The Alaska Senate passed a bill Thursday that would allow concealed weapons on University of Alaska campuses, including in dorm rooms.

The bill’s sponsor, Senator Pete Kelly, said Senate Bill 174 recognized a conflict that begged to be resolved between students’ right to carry concealed weapons and the university’s current policy.

“The policy of the University of Alaska is to say, OK, concealed carry is available to the rest of the state, but not on our campus,” he said. “And for them to do that, they do it in a manner to achieve, they have said, the safety, it’s a safety issue with them. But of course we have seen that declaring an area a gun free zone and achieving safety are not connected in any way.”

Minority Leader Sen. Berta Gardner urged colleagues not to adopt the bill, which has received strong opposition from students and the University of Alaska’s board of regents, citing an opinion delivered by the late Supreme Court Justice Antonin Scalia in which he cited sensitive areas like school and government buildings in which concealed weapons prohibitions have been upheld, despite the second Amendment.

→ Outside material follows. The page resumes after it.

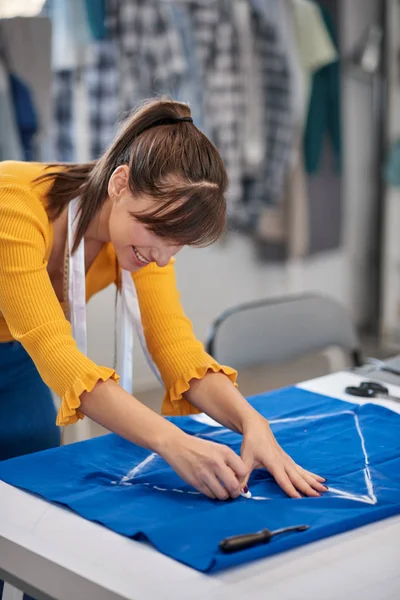 Творческий кавказский модельер стоит в своей студии и рисует схему на синем белье для красивого ночного платья . — стоковое фото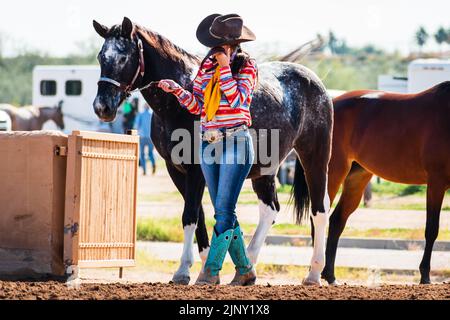 Female horse rider wearing western clothing ready to display her horse at a horse show in Phoenix, Arizona, USA Stock Photo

“The University of Alaska’s a government building, it’s also a school,” said Gardner. “The Alaska State Capitol is a government building, why do we think it’s incumbent on us not to allow the board of regents to regulate their buildings in the same way our own?”

In an interview after the vote, Sen. Kelly said allowing guns into the capitol building could be a next step.

“I wouldn’t doubt that you’ll see some bills in the future on different areas, that’s not necessarily going to come from me, it’s possible,” said Kelly, who said his bill could only address “one thing at a time.”

“Whether there’s irony or hypocrisy that’s irrelevant. The fact is, is that the university was in conflict with our statutes and our constitution, and one at a time we take back that ground,” said Kelly.

Callie Conerton, student body president with the University of Alaska Southeast campus, said she’s disappointed by the Senate’s vote.

“I’m hoping that we have a strong support in the House against the bill,” said Conerton, who said she personally will feel less safe on campus knowing that people around her could be carrying a gun.

“If they feel like someone did something to them wrong they can pull it out and it’s right there, it’s at their access. They might not think that they’re going to use it in that way,” Conerton said. “The escalation is very quick on different college campuses, like it is on the Senate floor, escalation happens very quickly, and we don’t want to see that guns being really easily accessible.”

SB 174 passed the senate with a vote of 13 to 5. A senior state lobbyist for the National Rifle Association is in Juneau this week and was present at the Senate floor session.

If the bill becomes law, Alaska would become the tenth state to allow concealed carry on campuses, among Arkansas, Colorado, Idaho, Kansas, Mississippi, Oregon, Texas, Utah and Wisconsin.